This invention relates to propeller blades designed to aerodynamically generate thrust and more particularly to propeller blades used on hovercraft, airboats, dirigibles, or other vehicles requiring maximum thrust at static or low vehicle velocities.
Existing fixed-wing propeller blades and helicopter rotor blades must meet the operational requirements of take-off, climb, cruise, and, in the case of helicopters, autorotation. As a result, current blades are designed to efficiently move aircraft at the relatively high airspeeds necessary to maintain flight. These prior art blades, however, have failed to effectively and efficiently develop the thrust needed to meet the design parameters for vehicles such as hovercraft.

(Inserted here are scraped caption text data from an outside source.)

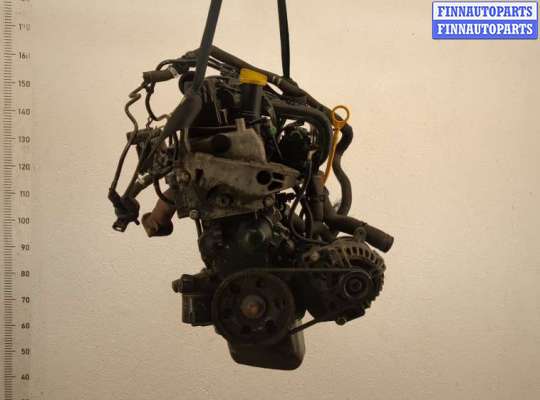 купить Катушка зажигания на Renault Twingo 2007-2011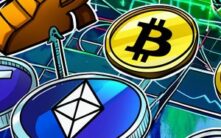 2026年加密市场轮动新趋势：为何投资者纷纷转向这枚1美元以下的新兴代币？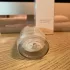 Clinique Aromatics in White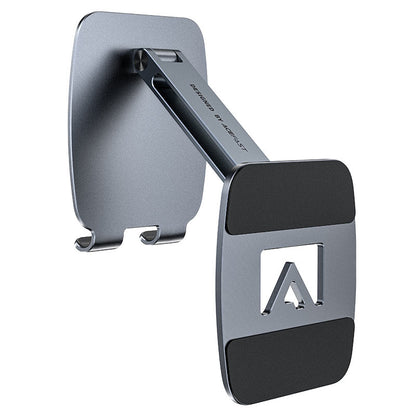 Acefast Desktop folding holder E13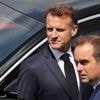 "Il va être perçu comme le clone de Macron" : Sébastien Lecornu, un fidèle du président à la recherche d'une voie de passage au Parlement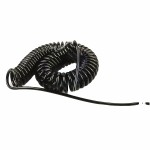 AIRTAC UCS080050BK090MA1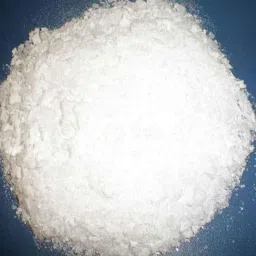 Akshar Chem 5kg Barium Hydroxide Barium Hydroxide Octahydrate 97% Lab Chemical-picture-6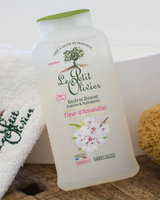 Duschgel Mandelblüte 500 ml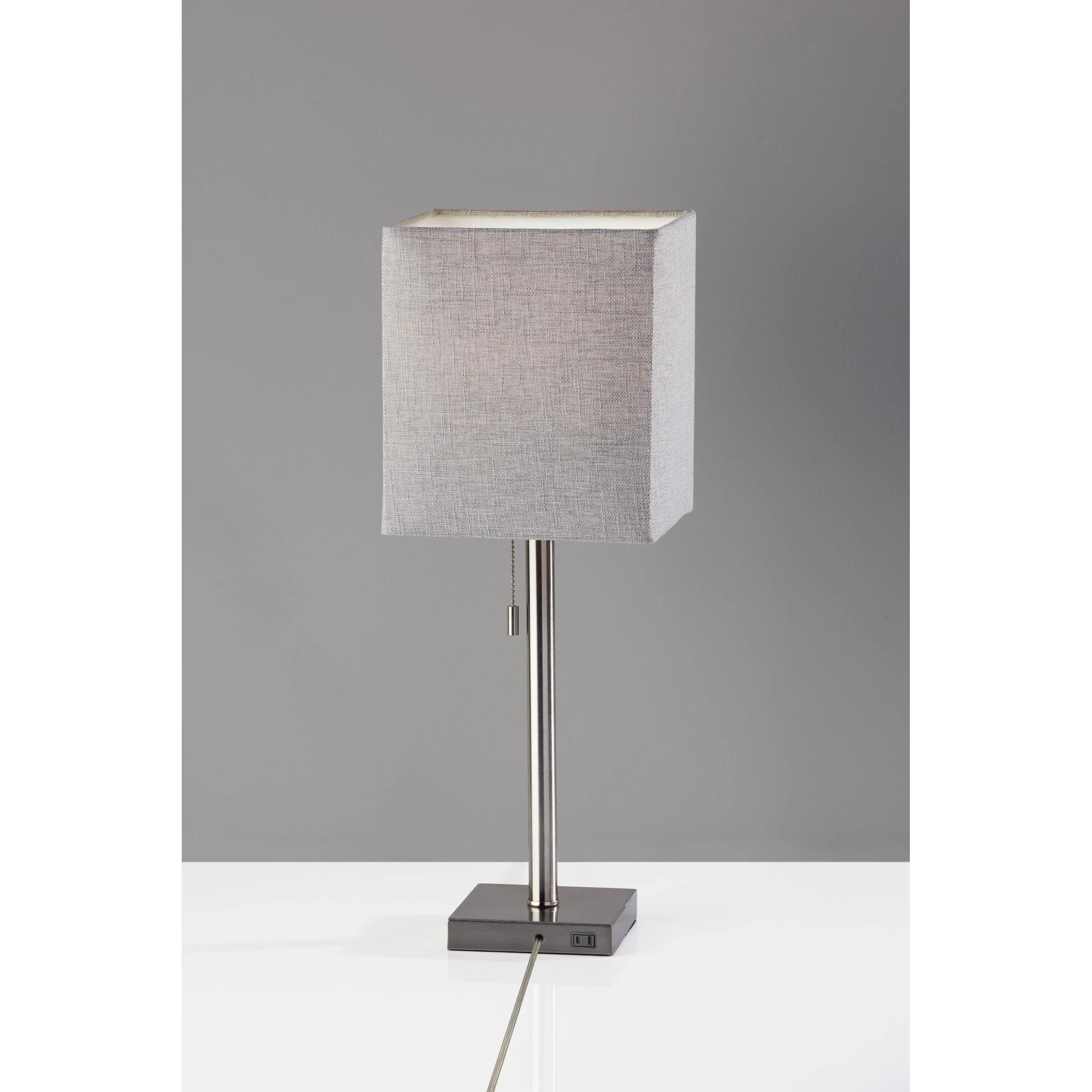 Estelle Table Lamp - Image 4
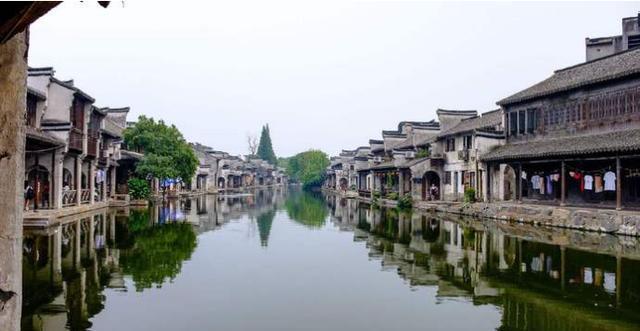 依依股份(001206.SZ)：近期纸浆价格走势相对平稳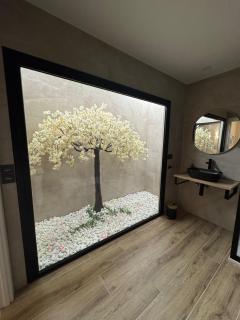 Bilbao Loft Apartments - Bilbao - 7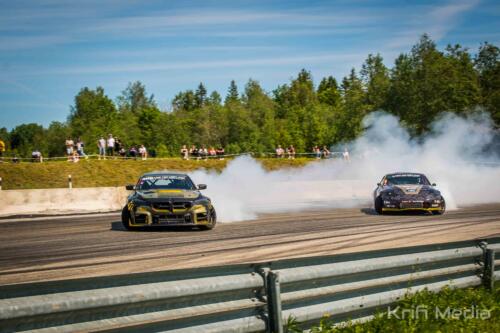 Jump-for-Drift-2025-5370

One major drawback of conventional propellers and rotors is the lack of thrust developed at static velocities. This is due to current blade configurations that operate in an over-80-percent-stalled condition at zero velocity. In addition, current blades cannot generate the reverse thrust that hovercraft require to reduce speed, reverse direction, or maneuver. Another significant problem is poor environmental durability. The sand and dust particles, as well as water droplets, which are present around hovercraft operating low to the surface, quickly erode the leading edges and tips of low-profile, high-aspect ratio blades. Finally, prior art blades generally high noise levels due to blade tip speed.